By Michael Jacobson, George Hacker, & Robert Atkins
Reviewed by Katy P.
There's no clouding of the issues in this 1983 report from the Center for Science in the Public Interest. The authors take a clear stance from start to finish: most marketers of alcohol are underhanded, deceitful, and act with ill intent. While there is sound evidence in the form of reports from the Federal Trade Commission, examples of print and television advertisements, and facts and figures from various studies, the report is a bit overkill. Published in 1983, over two decades ago, the information is somewhat stale and the reader is never sure if the stated problems are still problems today. The book does, however, raise a relevant point in any day and age -- advertising entices the public. People should, at the very least, be aware of that. This report serves as a good reminder to not buy in to everything you read and see.
The forward was written by Nicholas Johnson, a former Federal Communications Commissioner. Johnson doesn't pull any punches in his introduction of the topic. He sets the tone for the entire report by stating his opinion unequivocally: he proposes a ban on all advertising of alcohol in the U.S. The reader can expect the rest of the report to be colored with this proposition in mind.
The book goes on to discuss alcohol as the number one drug problem in America. It cites numerous studies from several advocacy groups to back its claims. The authors argue that alcohol industry advertising and marketing is mostly to blame for the epidemic. They say children, problem drinkers, and women are targeted by industry ads and are hypnotized, lured into regular drinking habits and pushed to drink more.
The research is thorough and the points are well thought. The report builds its arguments conclusively. The problem arises when facts and figures are augmented with statements of opinion and slanted adjectives. Throughout the report, the authors include copies of alcohol advertisements to punctuate their stance. Some of these ads are captioned with descriptions from the authors. For example, one ad description reads, "Dignity is thrown out the door by the makers of "Wild Irish Rose" in this sexually suggestive ad." The ad in question is a photo of young ladies in shorts and tank tops holding bottles of wine. The phrase "dignity being thrown out the door" seems a bit dramatic and exaggerated, considering the tame content of the ad.

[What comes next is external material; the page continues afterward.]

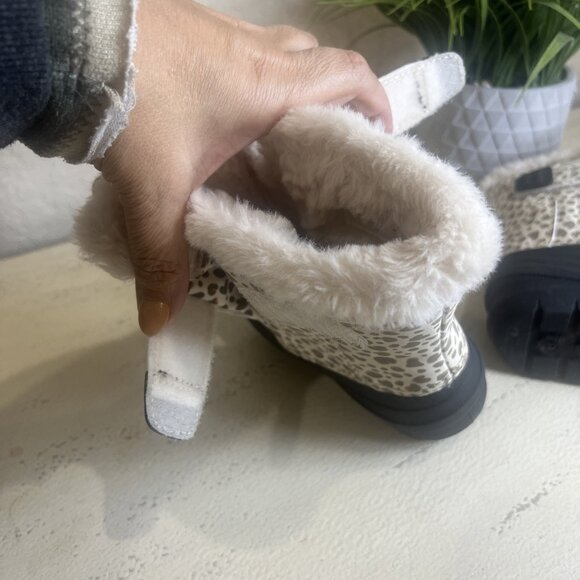 Cat & Jack Toddler Girls Size 8 Thermolite Faux Fur Frankie Winter Boots - Picture 8 of 10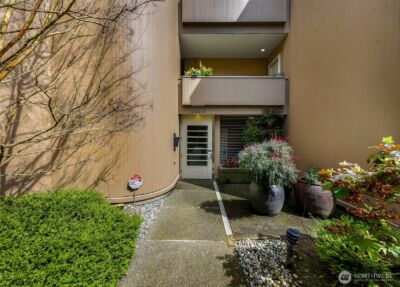 2134 Waverly Place N #202, Seattle, WA 98109 - Photo 35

The report is, overall, filled with interesting facts and insights, but it's a dry read (no pun intended.) Written as a report, it has the same matter-of-fact posturings as a report, with a few harsh criticisms thrown in here and there. If you have interest in the subject and can brave it, you'll most likely find thought-provoking arguments. It does allow the reader to give more thought to the questions; Are alcohol marketers trying to get more people to drink, and are they trying to get drinkers to drink more? The report calls for a ban on alcohol advertising as part of a comprehensive, coordinated attack on our society's alcohol problem. I'm not so sure it's that simple, but akin to the tobacco wars, it's a point not to be discounted.